TO DO:
What should you transcribe? Every line from the top of the records below through the line with "Volkswagen T-Roc (2019) — foto 4 van 24", exactly, and no pictures.

------

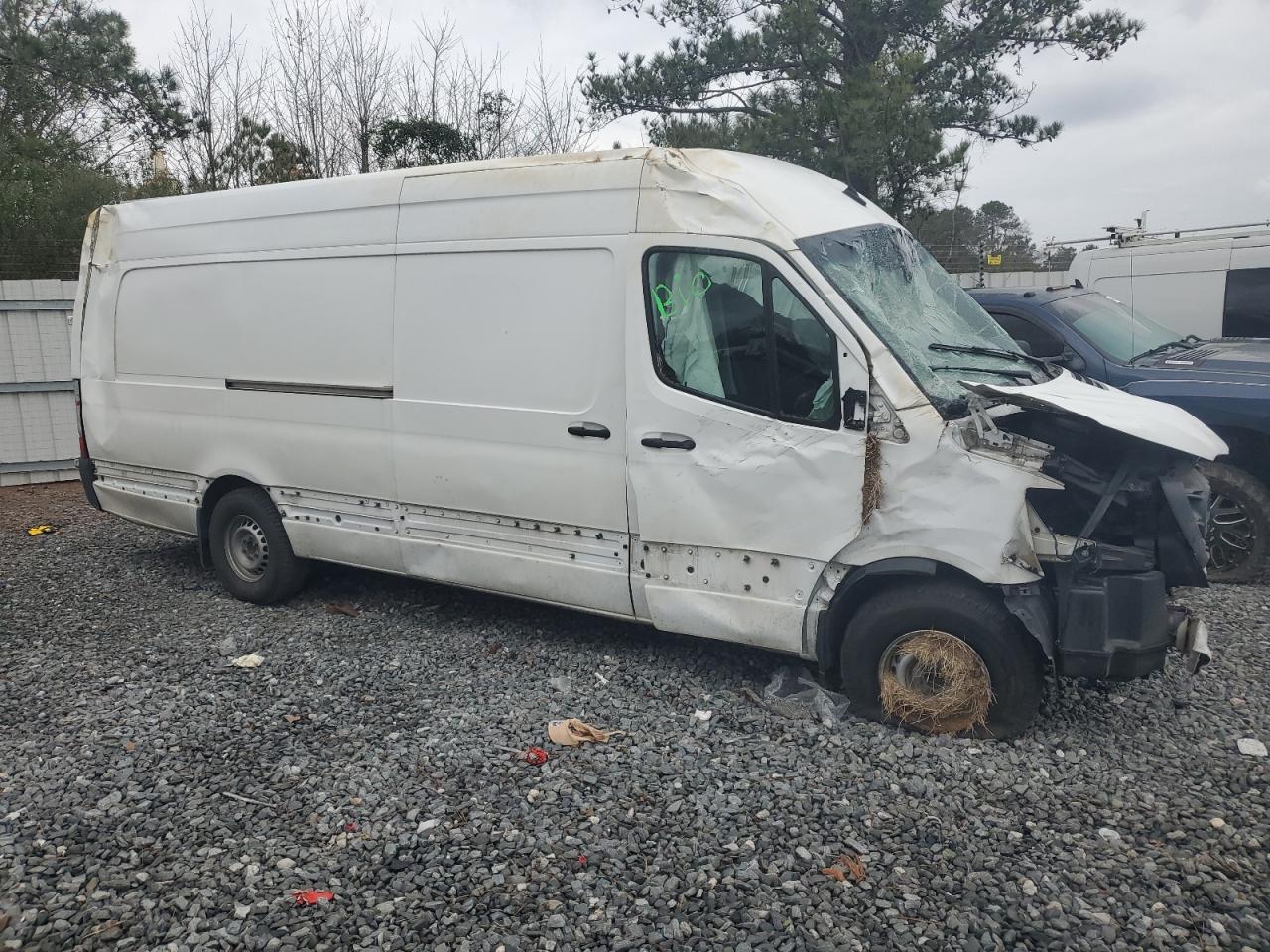 2020 Mercedes-Benz Sprinter Cargo 2500 - Image 4
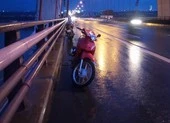 1 phụ nữ từ cầu Cần Thơ lao mình xuống sông Hậu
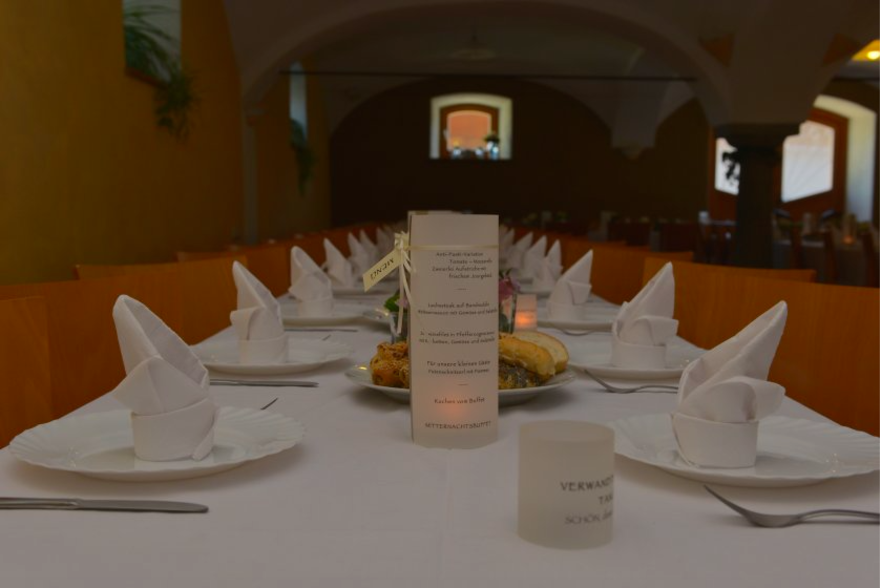 © https://media.hochzeit.click/image/upload/w_1800,c_fill,dpr_auto,f_auto/v1666109788/hochzeitclick01/23603/Bildschirmfoto-2016-09-09-um-15.png Feiern am Hof
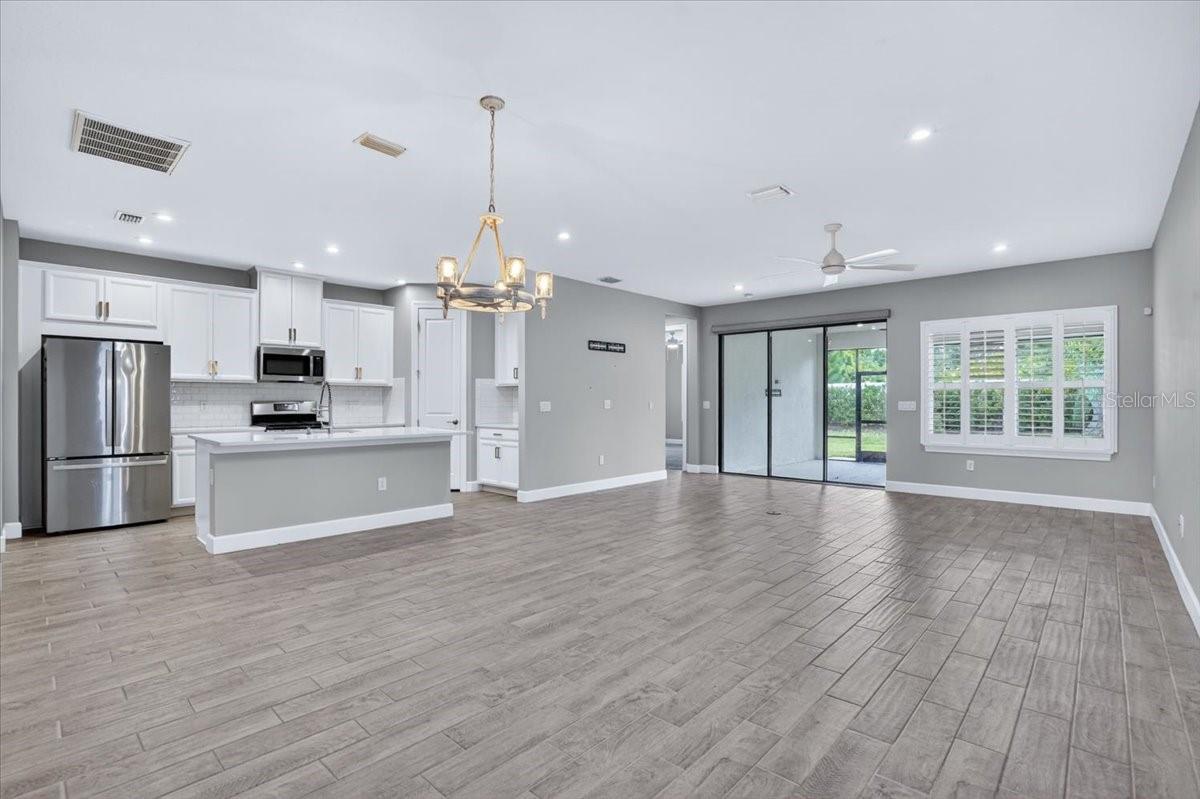 4642 Crestpoint, Palmetto, FL 34221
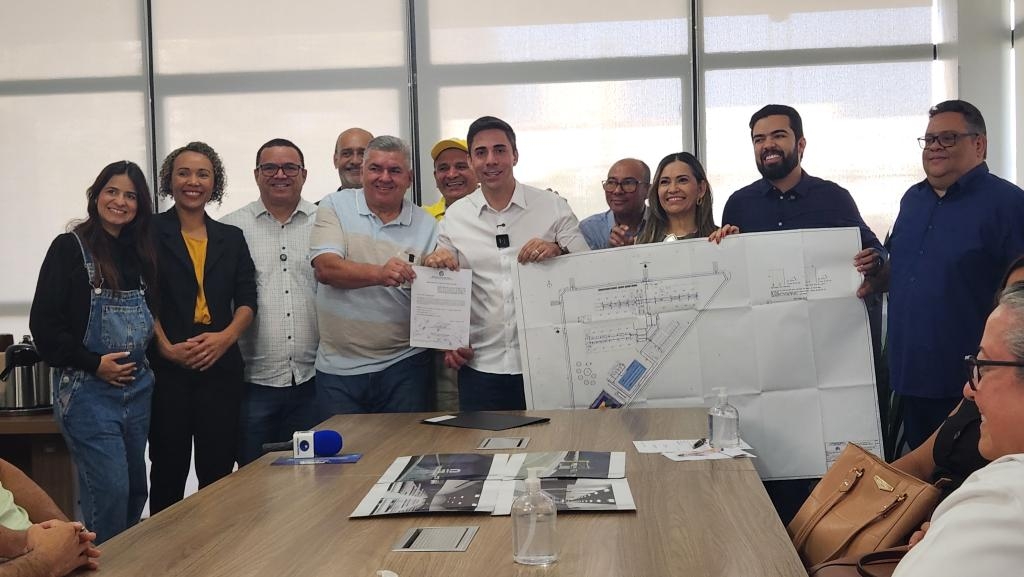 Seduc assina conv�nio com Prefeitura de Barra do Gar�as para constru��o de Col�gio Estadual Integrado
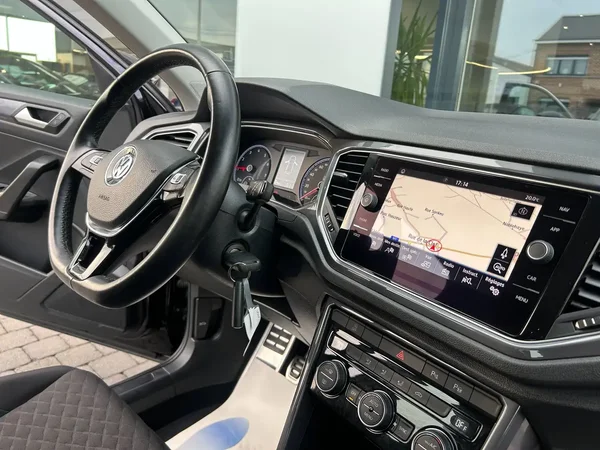Volkswagen T-Roc (2019) — foto 4 van 24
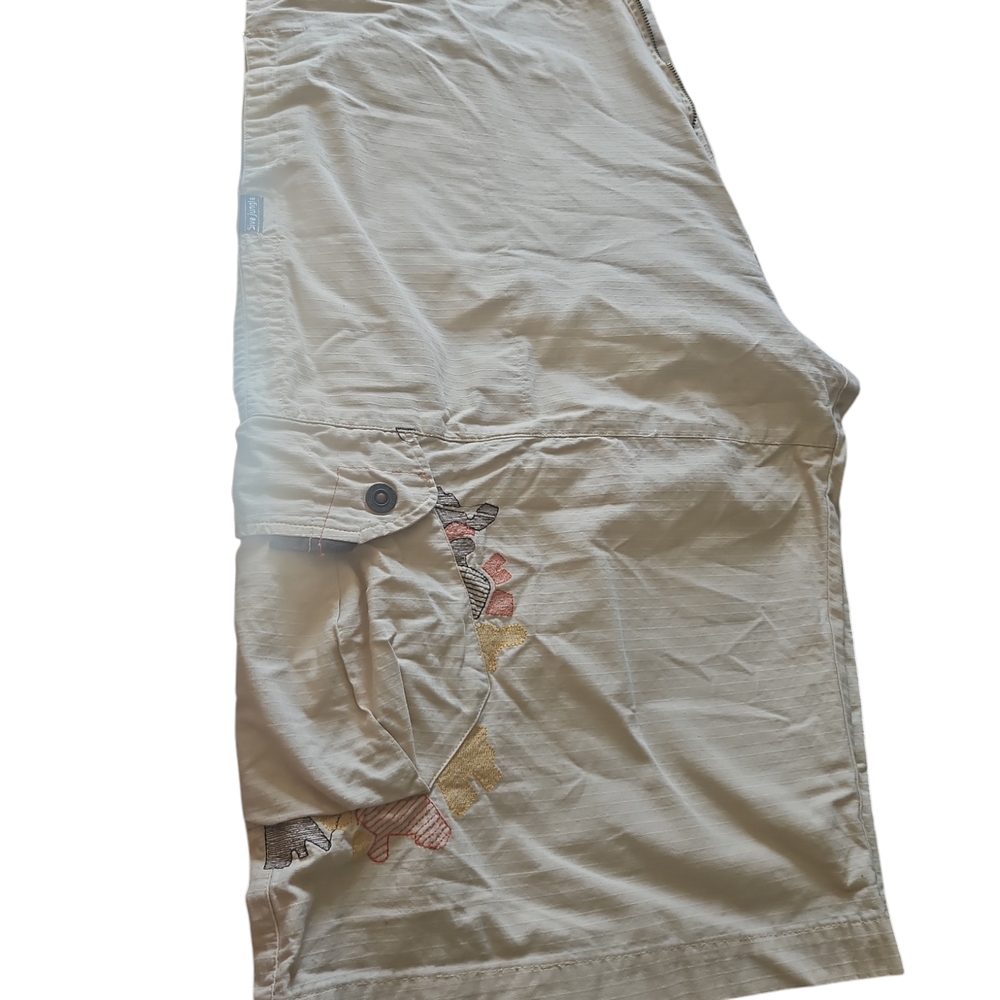 Casual Tan Cargo Shorts Lightweight Design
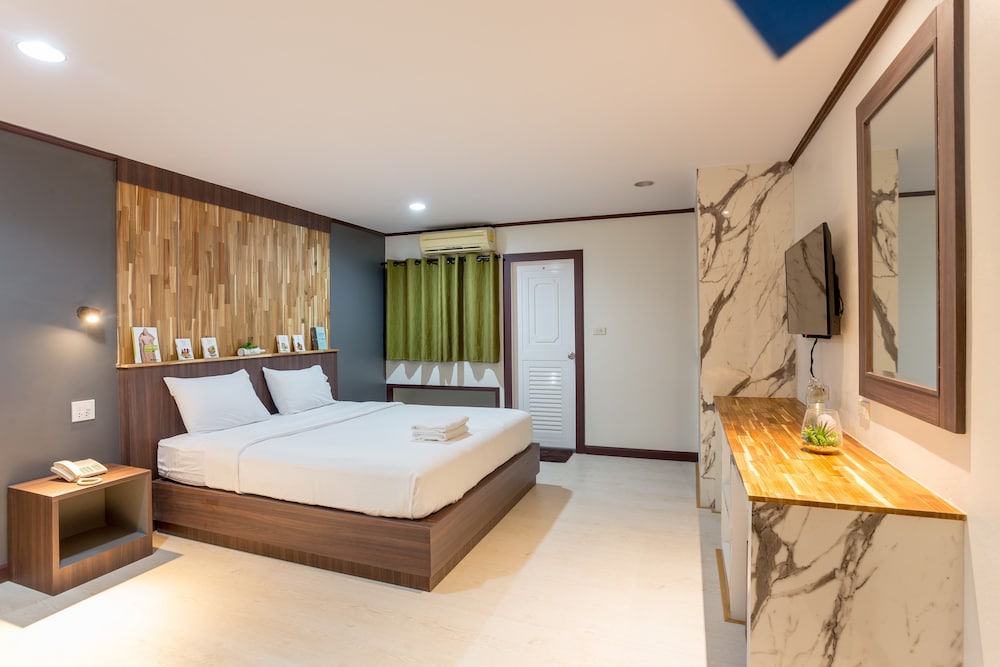 Room, 1 Bedroom, Non Smoking, Refrigerator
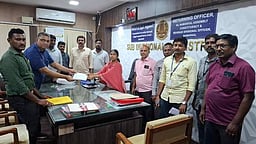 ஆவணங்கள் சமா்ப்பிக்காததால் ரூ. 12.50 லட்சம் வருமானவரித் துறை அதிகாரியிடம் ஒப்படைப்பு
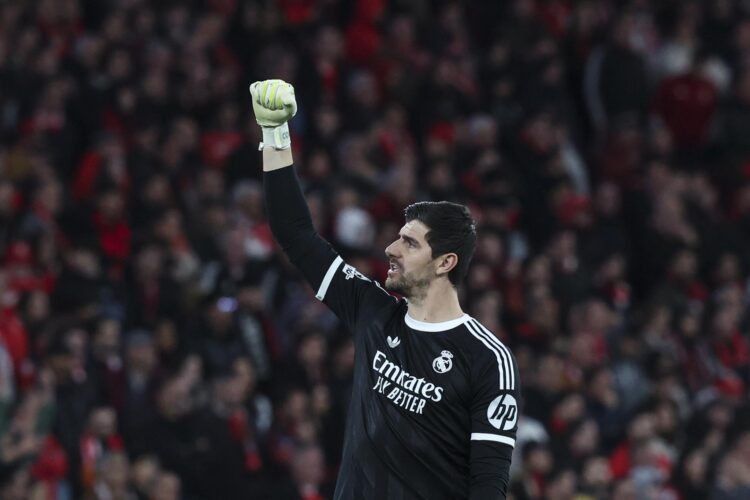 El guardameta del Real Madrid Thibaut Courtois, el pasado martes, tras el partido de la Liga de Campeones contra el Benfica. EFE/EPA/JOSE SENA GOULAO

------

RESULT BELOW:
 2020 Mercedes-Benz Sprinter Cargo 2500 - Image 4
 1 phụ nữ từ cầu Cần Thơ lao mình xuống sông Hậu
 © https://media.hochzeit.click/image/upload/w_1800,c_fill,dpr_auto,f_auto/v1666109788/hochzeitclick01/23603/Bildschirmfoto-2016-09-09-um-15.png Feiern am Hof
 4642 Crestpoint, Palmetto, FL 34221
 Seduc assina conv�nio com Prefeitura de Barra do Gar�as para constru��o de Col�gio Estadual Integrado
Volkswagen T-Roc (2019) — foto 4 van 24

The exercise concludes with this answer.